Montpelier House Museum

The Montpelier House Museum is located at 9650 Muirkirk Rd, Laurel, MD 20708. Visitors can take an interactive tour of the home and its history. The tour includes areas that are rarely opened to the public. You can explore three cellars, an attic, and a walk-in vault. The tour also includes a brief history of the house and the changes it has undergone during its two-hundred-year-long history. Be sure to bring comfortable shoes and old clothes because the tour involves a lot of stairs and ladders.

Visit Montpelier Mansion in Prince George’s County, Maryland, a five-part Georgian style plantation house. This historic property was built between 1781 and 1785. It has also been known as the Snowden-LongHouse and New Birmingham. 

James Dinsmore, the master craftsman at Monticello, kept detailed records of the house’s renovations in the Madison era. These records, which are housed in the University of Virginia library, provide a detailed timeline, and complete physical measurements of all the materials used. The restoration team was able to subtract these measurements from the original construction.

The Montpelier House Museum is dedicated to the legacy and impact of the Madison family on the nation. The museum includes exhibits about James and Dolley Madison, the father of the Constitution and the architect of the Bill of Rights. You will also learn about the enslaved community and their fight for freedom. There are also eight miles of walking trails, and a Civil War encampment site.

If you are teaching history or constitutional studies, a visit to the Montpelier House Museum is a great way to enrich students’ learning. It is also home to one of the largest research projects on slavery in the United States. The museum hosts regular educational programs throughout the year to engage visitors. If you are planning a vacation to Montpelier House Museum, you will find it an excellent opportunity to learn more about the history of our nation and its founder.

The Montpelier House Museum is home to three families. One of the families was the Snowden family, which lived in the house for four generations. This family had many slaves. It is also believed that one of their descendants, Sampson Powell, went to a segregated school in the 1960s. As a result, his life story inspired Morales to research the family’s connection to slavery.

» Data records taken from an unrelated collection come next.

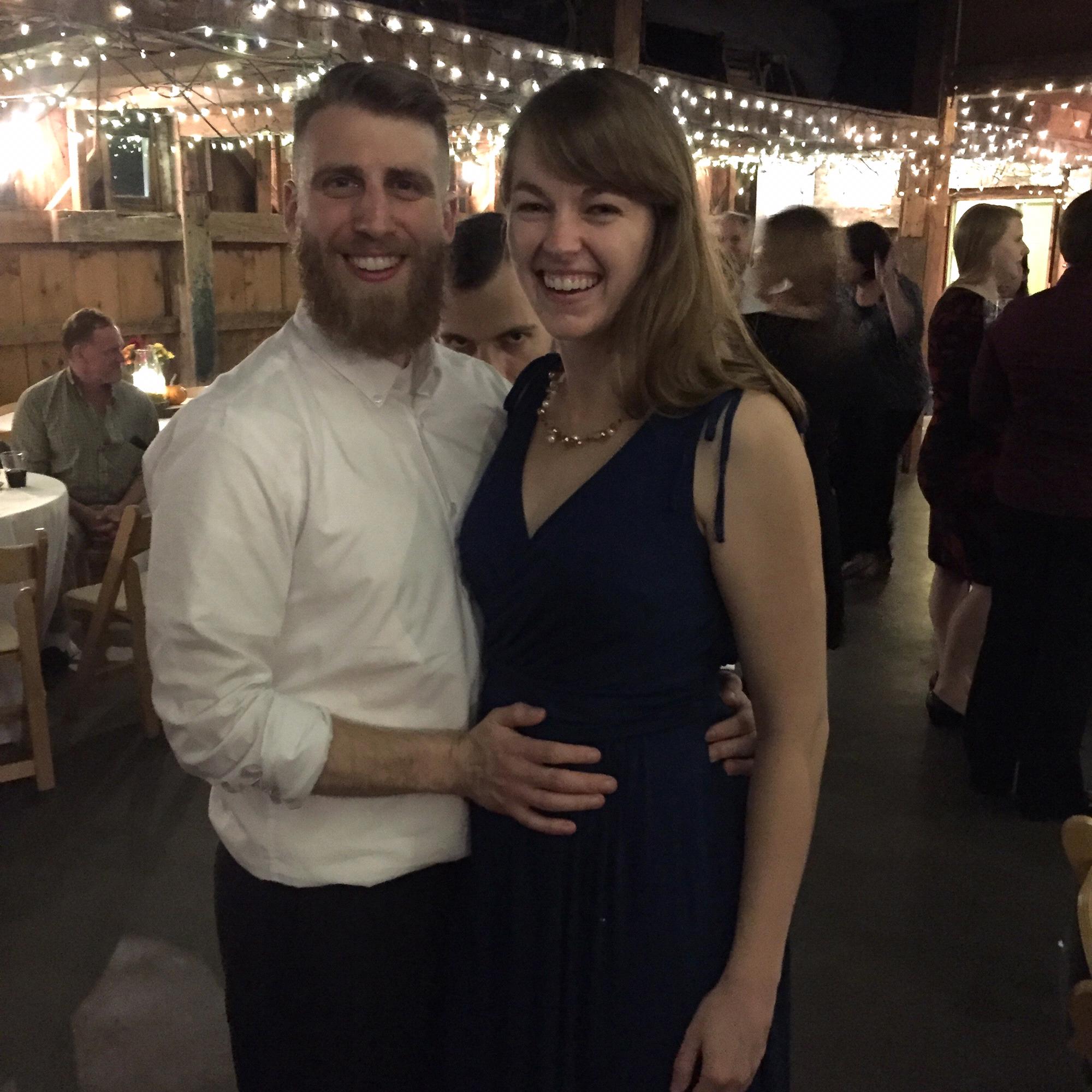 Looking classy at yet another friend's wedding, this time with a creepy visitor in our background.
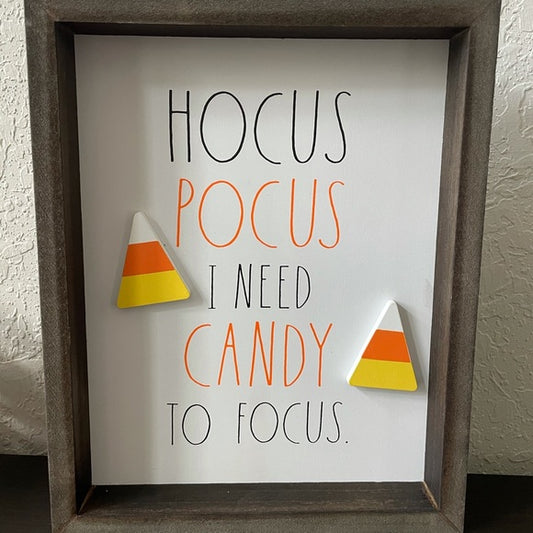 Rae Dunn Hocus Pocus I need Candy to Focus With Candy Corn, White Background and Black and Orange Lettering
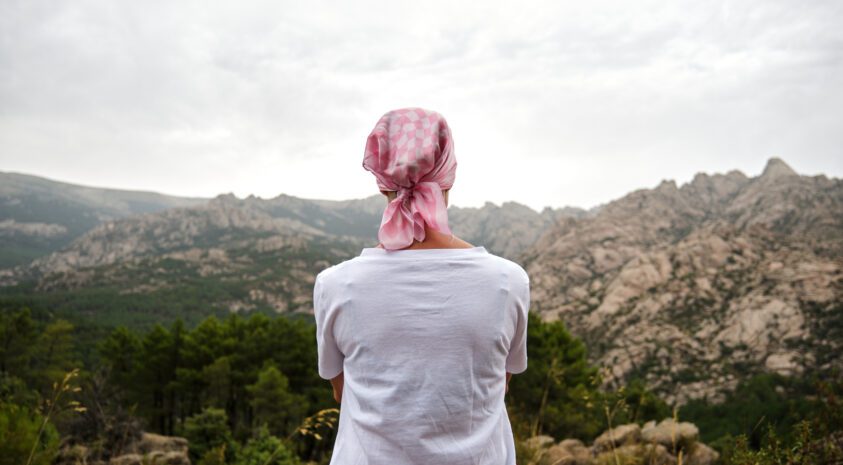Woman with cancer sitting facing a canyon. She wears a pink scarf on her head.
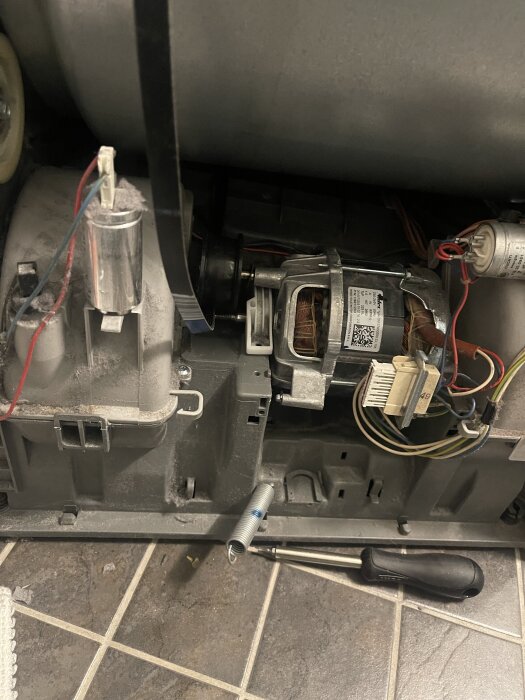 Elektrisk motor och kablar inuti en maskin, med en järnstång och en skruvmejsel på golvet framför.
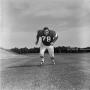 Photograph: [Football player #78 charging the camera framed by a stadium field]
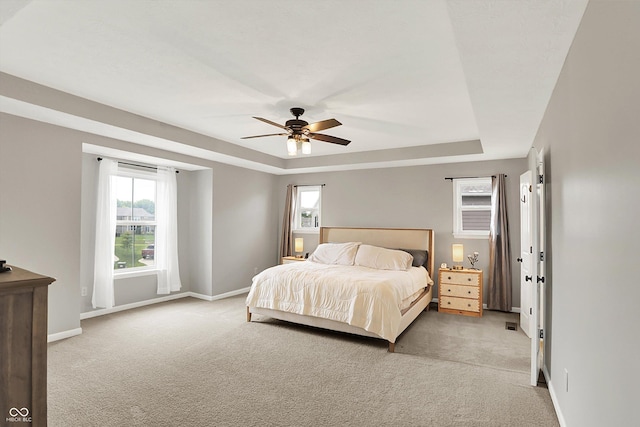 16491 Wheatley Ct, Fishers, IN 46040 - bedroom with a raised ceiling, light colored carpet, baseboards, and a ceiling fan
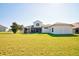 Large backyard with a view of the home's exterior at 13267 Linzia Ln, Spring Hill, FL 34609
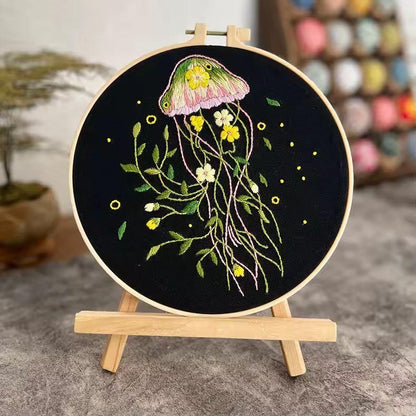 Jellyfish embroidered in green, lilac and yellow with trailing floral tentacles on black fabric.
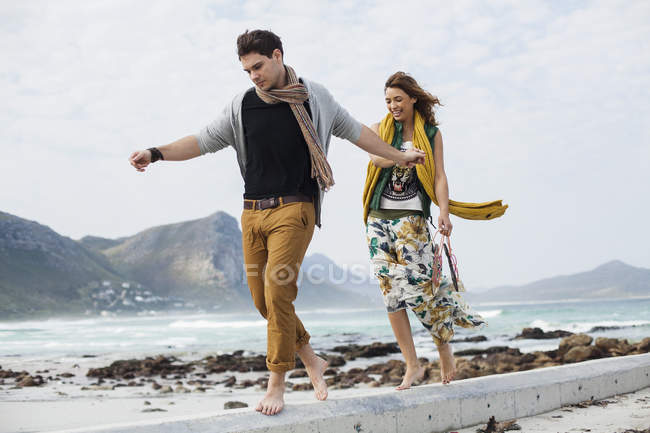 Jeune couple marchant le long d'un bloc de ciment sur la plage, Cape Town, Western Cape, Afrique du Sud — Photo de stock
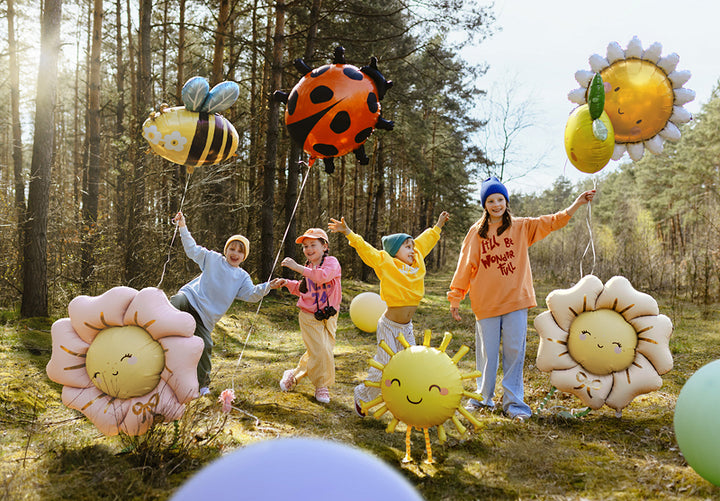 Gartenparty im Wald mit Sonnen- und Blumen-Folienballons als Kindergeburtstag-Deko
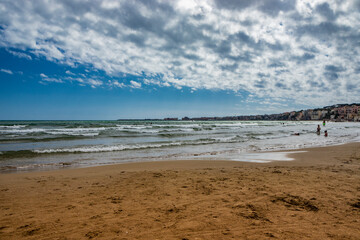 Nettuno, Lazio, Rome, Italy - Some people bathe, play and relax in the water, in the Roman sea. Reflections of light on the water. Cloudy blue sky at sunset in summer. Waves of the sea slightly choppy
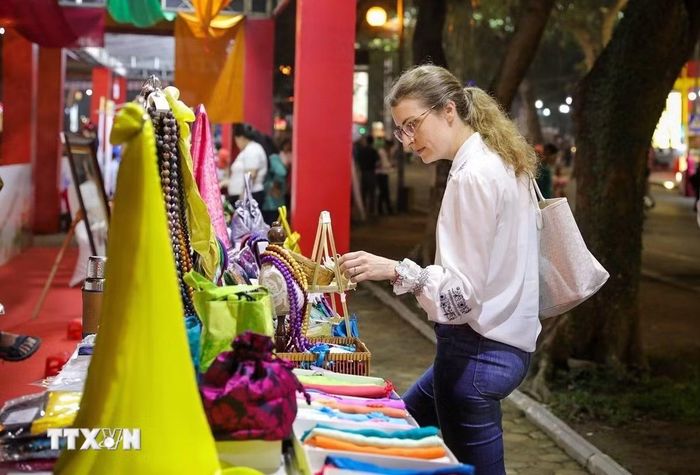 Du khách nước ngoài tham quan các sản phẩm tại gian trưng bày của làng lụa Vạn Phúc. (Ảnh: Khánh Hòa/TTXVN)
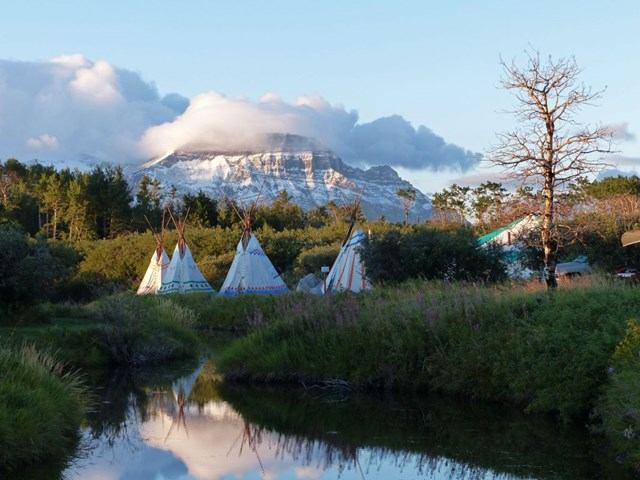 Teepees sit along the edge of a stream with mountains in the background.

There are few photographs of the interior of Montpelier, but team members poured over early examples to uncover architectural details and make sure the restoration process is accurate. They also discovered that many original architectural details are still present on the property. Many of the doors had been relocated and repurposed in other areas of the house. The team then worked to return all 51 doors to their original places.

Montpelier House Museum is now open for self-guided tours. It is open Thursday through Sunday from 11am to 3pm. Visitors may also purchase property passes online. A great place to also visit is the Riversdale House Museum.